84% of our analysts report encountering conflicting versions of the same metric. How does DataOS fix that?

Metric conflicts happen when definitions live in individual pipelines, dashboards, or spreadsheets rather than a governed semantic layer. DataOS centralizes metric definitions — what "delinquency rate" means, how "net interest margin" is calculated, what counts as an "active member" — and enforces those definitions across every downstream system. One definition. No drift.

Our CRO and CDO have conflicting priorities around data access and control. How does DataOS handle that tension?

DataOS resolves it architecturally, not politically. Policy-driven RBAC/ABAC controls mean the CDO gets self-service access for business lines and the CRO gets full audit trails, access logs, and policy enforcement — from the same data layer. That's not a negotiated compromise. It's an infrastructure decision that eliminates the recurring standoff.

We just completed an acquisition. Two incompatible cores, and our board wants a unified data view within 90 days. Is that realistic?

Yes - and it's one of DataOS's core use cases. DataOS creates a governed semantic layer across both organizations without waiting for core consolidation to complete. You get unified definitions, a single source of truth for key metrics, and cross-entity reporting from data that already exists — no rip-and-replace project required. Business value from day one post-close, not month twelve.

We spend 70–80% of our data engineering budget on maintenance. How does DataOS change that ratio?

Most of that maintenance budget is being spent rebuilding the same pipelines, serving the same reports to the same teams, repeatedly. DataOS packages that work into reusable data products — built once, versioned, governed, and consumed across analytics, applications, and AI. Your engineers stop reinventing the wheel and start building net-new capability. The shift from maintenance to innovation is measurable within the first quarter.

We're heavily invested in Snowflake. Does DataOS replace it?

No — it extends it. Snowflake is high-performance storage and compute. DataOS adds semantics, governance, data product management, and activation across Snowflake and your other systems. You keep your Snowflake investment; DataOS makes it deliver more by adding the governed semantic layer that turns raw Snowflake tables into trusted, reusable data products your business and AI tools can actually consume.

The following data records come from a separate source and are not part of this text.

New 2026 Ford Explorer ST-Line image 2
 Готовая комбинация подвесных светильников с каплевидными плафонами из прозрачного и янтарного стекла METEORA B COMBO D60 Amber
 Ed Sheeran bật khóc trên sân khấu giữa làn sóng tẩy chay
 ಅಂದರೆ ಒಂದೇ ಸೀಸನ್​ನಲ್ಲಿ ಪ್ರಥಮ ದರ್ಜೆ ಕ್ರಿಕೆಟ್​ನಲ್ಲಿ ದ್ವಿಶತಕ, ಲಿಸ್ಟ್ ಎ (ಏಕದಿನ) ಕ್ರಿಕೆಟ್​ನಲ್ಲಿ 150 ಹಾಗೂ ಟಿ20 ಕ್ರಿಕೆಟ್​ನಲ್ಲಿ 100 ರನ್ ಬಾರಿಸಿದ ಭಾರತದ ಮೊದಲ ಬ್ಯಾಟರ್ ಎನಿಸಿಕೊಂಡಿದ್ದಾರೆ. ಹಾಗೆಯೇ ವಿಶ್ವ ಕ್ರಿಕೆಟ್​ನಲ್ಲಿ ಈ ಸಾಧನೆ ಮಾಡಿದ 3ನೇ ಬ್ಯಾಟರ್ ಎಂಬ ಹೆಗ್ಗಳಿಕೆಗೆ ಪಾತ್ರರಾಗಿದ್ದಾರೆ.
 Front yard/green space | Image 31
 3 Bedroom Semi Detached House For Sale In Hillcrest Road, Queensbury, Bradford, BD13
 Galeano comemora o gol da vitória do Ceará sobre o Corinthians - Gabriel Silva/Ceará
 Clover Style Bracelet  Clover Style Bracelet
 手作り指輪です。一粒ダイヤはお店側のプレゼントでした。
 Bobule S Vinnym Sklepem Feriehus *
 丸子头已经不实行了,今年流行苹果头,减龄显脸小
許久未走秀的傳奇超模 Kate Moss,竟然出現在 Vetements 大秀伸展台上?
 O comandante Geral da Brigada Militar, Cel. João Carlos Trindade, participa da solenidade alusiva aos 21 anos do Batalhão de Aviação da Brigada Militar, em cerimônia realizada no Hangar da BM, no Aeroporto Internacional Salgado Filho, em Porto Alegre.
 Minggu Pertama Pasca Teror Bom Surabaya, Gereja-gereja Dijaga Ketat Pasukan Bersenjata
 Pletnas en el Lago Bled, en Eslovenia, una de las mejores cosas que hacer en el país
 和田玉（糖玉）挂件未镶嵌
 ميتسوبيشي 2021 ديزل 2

Can our business analysts access data without filing an engineering ticket?

That's one of the measurable outcomes. DataOS powers a self-service layer where governed data products are discoverable and accessible to business users directly — with access controls, quality guarantees, and consistent definitions enforced automatically. Risk, finance, and compliance teams can answer questions up to 80% faster without routing through engineering.

How do we quantify the ROI of a data platform investment to our board?

Three categories of value that map cleanly to board priorities: Compliance cost reduction — automation of audit prep, PII tagging, and lineage reconstruction saves engineering weeks and reduces examiner finding risk. AI acceleration — 80% faster new use case development means the AI investments already funded start delivering returns sooner. Revenue enablement — risk and compliance teams answering questions faster, RMs freed from manual data reconciliation, faster SMB identification from existing member data. The specific numbers depend on your starting point. The discovery call is designed to build a baseline together.

What if our technical team is small and we don't have a dedicated CDO?

That's the norm at mid-size institutions — the CIO absorbs the full data mandate with a team of 5–15. DataOS is designed for that reality. The goal is to give a lean team platform-level governance and activation capabilities without platform-level staffing requirements. You manage strategy; the platform handles the operational complexity.